Your daughter tells you she is bringing home her boyfriend for dinner. When they arrive, she introduces you to a man who is not your same race. Sometime during dinner she announces that they have been married for the last six months. What bothers you more? The difference in race or being excluded from the wedding…
My mom, my siblings and the rest of my Mom’s extended family.
We are a typical Filipino family. My grandmother has 12 children and all of them are close. Like they really back each other up whenever something went wrong with someone. I think this is a normal trait to us Filipinos and I am really proud of it. It is also something that they taught all of their children, and right now, all of us are close. All 45 of us, you got it right, my grandmother’s grandchild is 45. Haha!
Everything has to be a collective effort. If someone got married, a family will sponsor the dress, someone will spend for the invitations, if a family does not have money, he helps out with the preparations. A nephew will celebrate his birthday and the same thing happen, someone will spend for the cake, the ice cream, someone will buy the ingredients for the spaghetti that my mom will cook, and someone will be a clown to entertain the kids (ehem!).

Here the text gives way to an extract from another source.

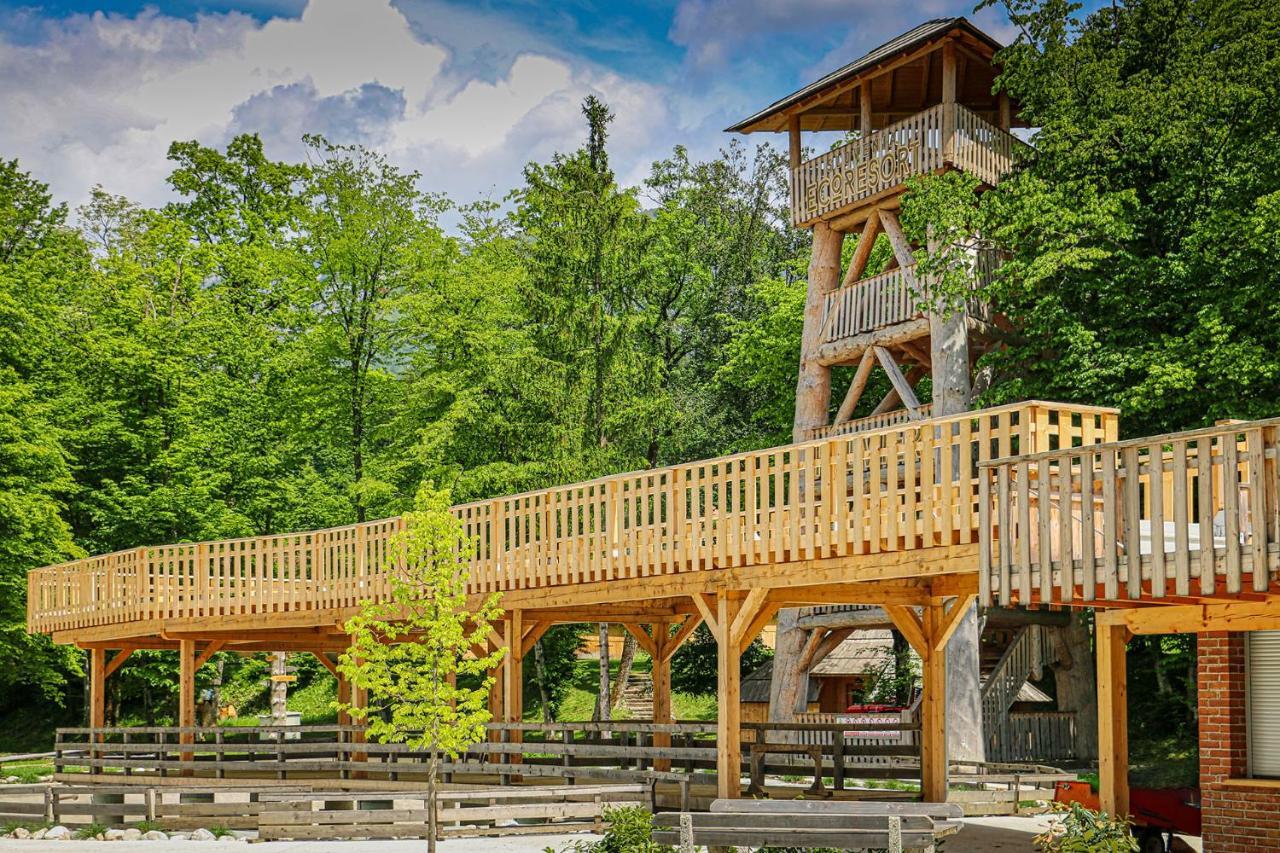 Slovenia Eco Resort Stahovica Dış mekan fotoğraf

I remember when I graduated. Since me and my mom were struggling financially, I opted to just have a simple lunch with my family however my relatives didn’t allow that. After the ceremonies, my cousin picked us at our house in Cavite and drove us back to Sariaya where a feast was already prepared. It was the best graduation party ever!
Which is why I love my family so much, including my extended family. Our parents taught us that though we rarely see each other and we don’t know what was happening in our lives, no matter what happened, we have to make sure that we support each other. We all learn to watch each other’s back.
Before this post bore you, I will go back to the question. Since weddings are important to us, if this happen, I will already anticipate a chaos. I know that some feelings will be hurt but definitely we will still go back to the things that we learned from our grandparents. If ever this happen, I know what my relatives will do. Though they were already married and having a great time, I am sure, my family will prepare another wedding for them.
And whether my daughter likes it or not, she will wear another white dress, walk on our old church’s altar, and have the best wedding reception of her life. With me and close to 100 people that will definitely support and be happy for her.